VINDICATION FOR DR. LARRY SQUIRES OF HOBBS, NEW MEXICO
by William Perry Pendley
October 1, 2011
In 1992, Larry Squires of Hobbs, New Mexico, veterinarian, rancher, entrepreneur, and self-proclaimed environmentalist, received unwelcomed news from the Environmental Protection Agency (EPA). The EPA, notwithstanding extensive factual presentations by Dr. Squires, determined that lands upon which he was conducting a business operation into which he sunk more than a $1 million were “wetlands” under the Clean Water Act (CWA), that his use of those lands was illegal, and that he was subject to a “cease and desist order.” Failure to observe the EPA’s order would result in fines of $125,000 a day. Dr. Squires abandoned his business, but he also went to federal court.
The EPA order was based upon a November 1986 rule that declared that the potential use of any waters—even intermittent water bodies such as those that infrequently develop on the dry sinkholes on Dr.
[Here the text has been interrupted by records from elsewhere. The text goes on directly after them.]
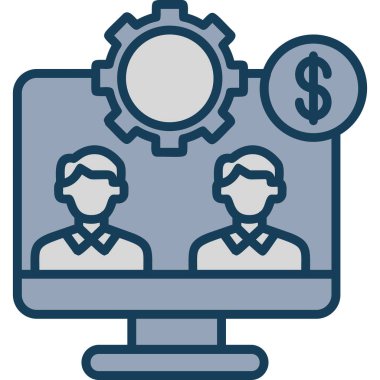 iş yönetimi dairesi simgesi - özet biçimi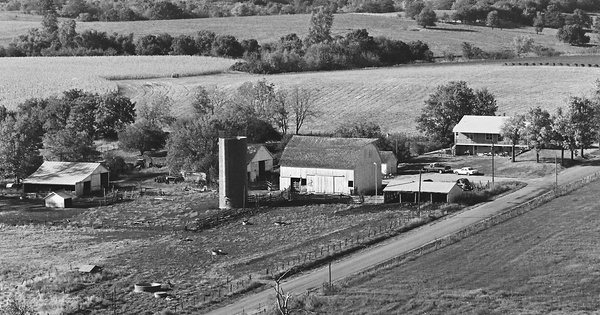 Vintage Aerial photo from 1976 in Atchison County, KS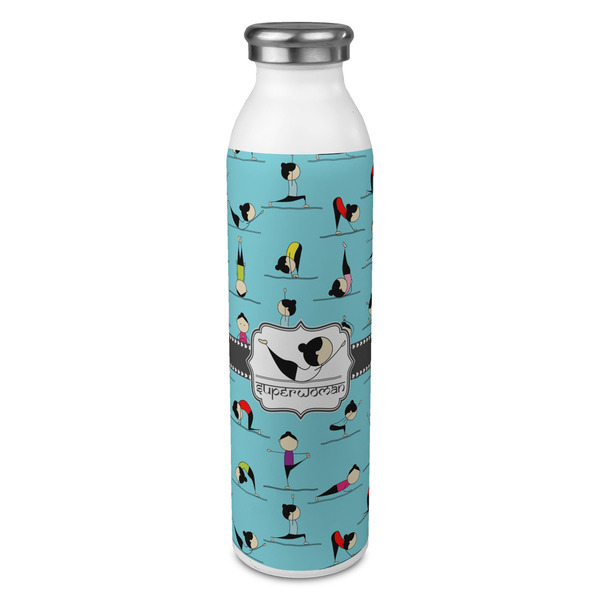 Custom Yoga Poses 20oz Stainless Steel Water Bottle - Full Print (Personalized)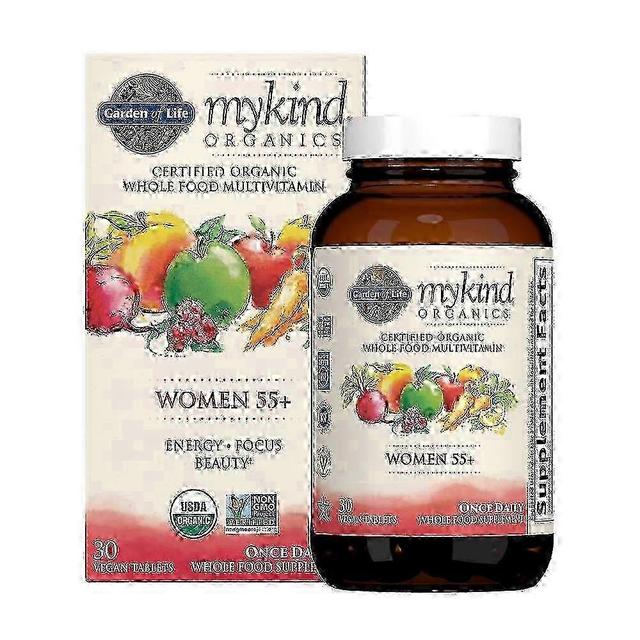 Garden of Life Záhrada života mykind organické ženy 55+ jeden denne multivitamínové tablety, 30 ea on Productcaster.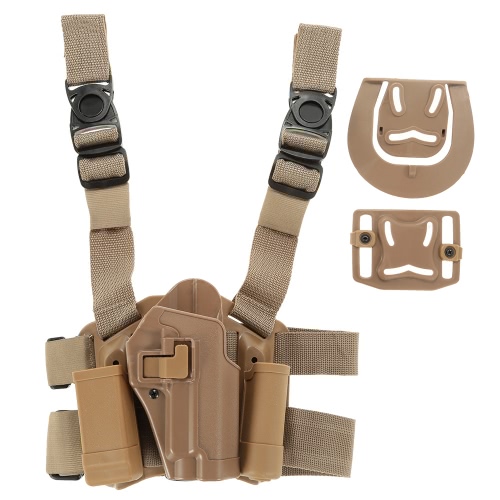 

4 в 1 Тактические Охота Quick Release Нога падения бедренной кости Рог кобура платформы с 2 мешка для P226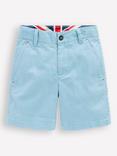 Mini Boden Kids' Classic Chino Shorts, Dawn Blue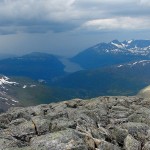 Utsikt mot Beisfjorden og Beisfjordtøtta Utsikt mot Beisfjorden og Beisfjordtøtta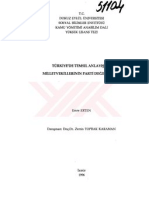 Turkiye de Temsil Anlayisi Ve Milletvekillerinin Parti Degistirmesi the Understanding of Representation in Turkey and the Transfers of the Members of Parliament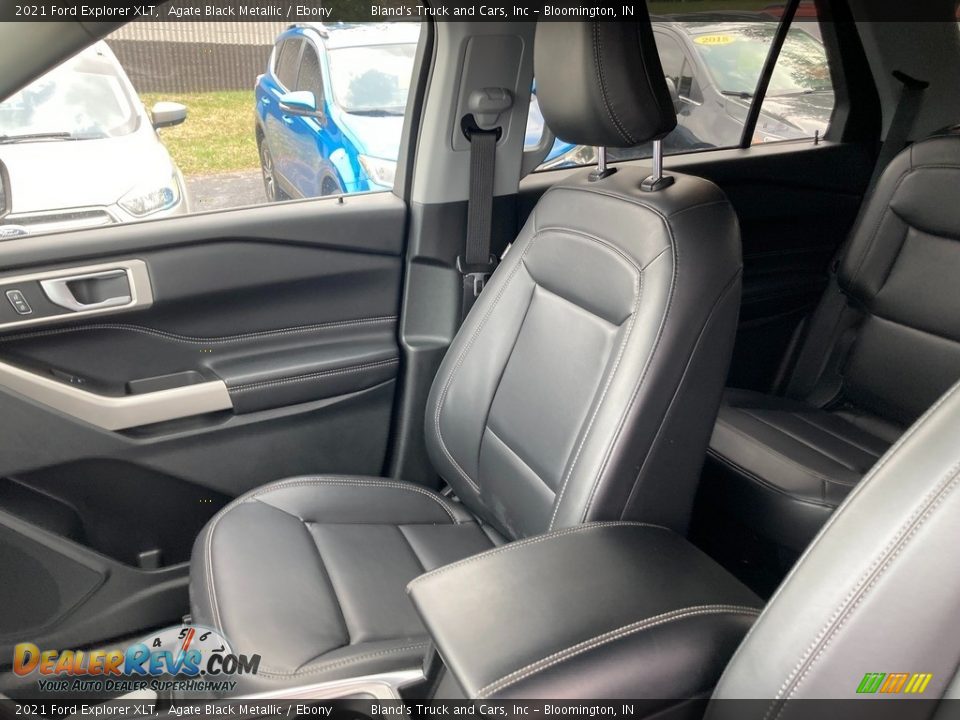 2021 Ford Explorer XLT Agate Black Metallic / Ebony Photo #11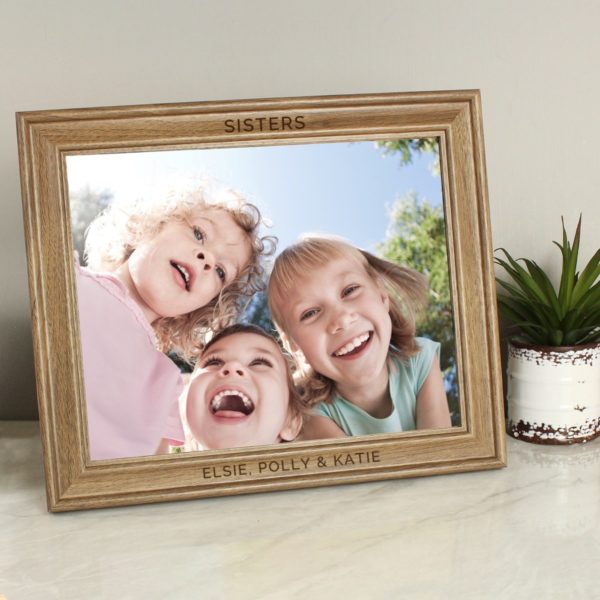 Personalised Any Message 10×8 Wooden Photo Frame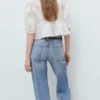 Baumwollbluse mit Blumenstickerei Baumwollbluse mit Blumenstickerei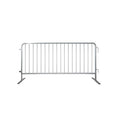 Crowdmaster® Crowd Control Pre Galvanized Heavy Duty Steel Barricade - Flat Feet - 6.5 Ft Long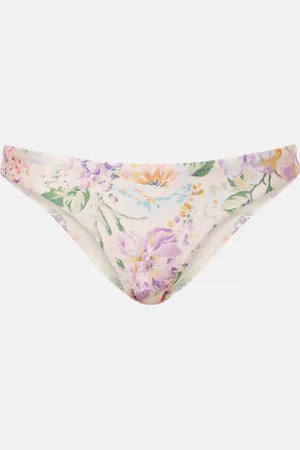 ZIMMERMANN Halliday Skinny floral bikini bottoms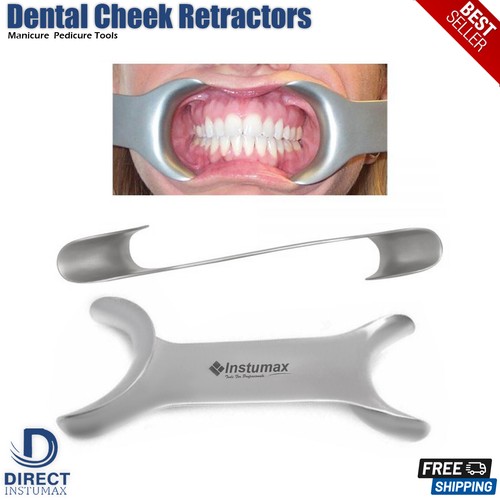 Mouth Opener Metal Cheek Lip Retractor Dental Stainless Steel Double-Head - Picture 15 of 20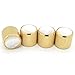 Gold Volume Tone Control Metal Knob w/Pearl White Top for Guitar Bass Pack of 4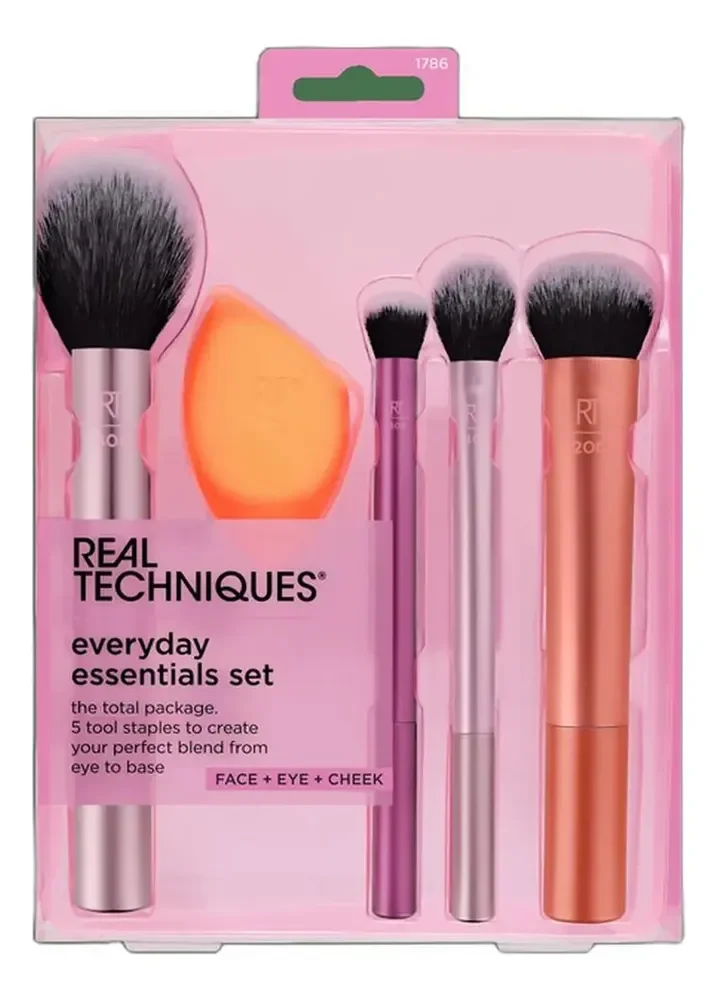 Kit Real Techniques Everyday Essentials (5 Produtos) Blz Única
Squires’ arid property—by migratory birds magically converts such areas into “waters of the United States.” Dr. Squires did not think his lands were “wetlands,” after all, water from occasional rains quickly evaporated; moreover, there was three feet of impermeable clay beneath the sinkholes, there was no ground water in the area, and the nearest navigable stream was forty miles away.
Dr. Squires proposed that the EPA levy a fine certain to allow him to ask a federal court to determine: did the CWA phrase “waters of the United States” unambiguously include Dr. Squires’ sinkholes; did Congress intend the phrase to include Dr. Squires’ property; and was the EPA’s rule reasonable? The EPA and its lawyers reacted with anger and hostility. Dr. Squires was threatened with criminal charges, resultant jail time, and “the full weight of the federal government.”
Subsequently, the EPA advised the New Mexico federal district court that it could not hear Dr. Squires’ case because: the EPA’s order was only a “pre enforcement decision”; the EPA had not yet taken “final” action; the United States had not waived its sovereign immunity; and Dr. Squires’ constitutional rights had not yet been violated. The district court dismissed the lawsuit. In 1995, the U.S. Court of Appeals for the Tenth Circuit upheld the district court’s ruling. Although the Tenth Circuit expressed sympathy with Dr. Squires’ plight, “[the] policy argument that it should not be necessary to violate an EPA order and risk civil and criminal penalties to obtain judicial review is well taken[,]” the appeals court did not find the situation “constitutionally intolerable[,]” especially given its concern with “undermin[ing] the EPA’s regulatory authority.” In 1996, Dr. Squires’ petition for Supreme Court review was denied. (Too late for Dr. Squires, in 2001, the Supreme Court answered the questions he asked with a “No!” and declared the Migratory Bird Rule unconstitutional.)
In the summer of 2007, Michael and Chantrell Sackett of Priest Lake, Idaho moved dirt on their property to build a house on land with a sewer hookup, in a developed area zoned for residential construction. That November, the EPA declared the Sackett property a “wetland,” barred the Sacketts from building a house, and mandated that the Sacketts restore their land to its previous state or pay civil penalties of up to $32,500 per day. Like Dr. Squires a decade before them, they were denied a hearing and their lawsuit in Idaho federal district court was dismissed; the court held that the CWA bars judicial review of “compliance orders” before any EPA “enforcement action.” In 2010, the Ninth Circuit upheld the district court’s decision, ruling that the bar on judicial review did not violate the Sacketts’ constitutional rights. On June 28, 2011, the Supreme Court agreed to hear the Sacketts’ case.
Given that the EPA recently asserted CWA jurisdiction over isolated, intrastate, non-navigable waters and wetlands, including vernal pools, prairie potholes, natural ponds, and playa lakes, the Supreme Court must step in. In Hobbs, New Mexico, Dr. Squires is smiling at the prospect that, all these years later, he will be vindicated.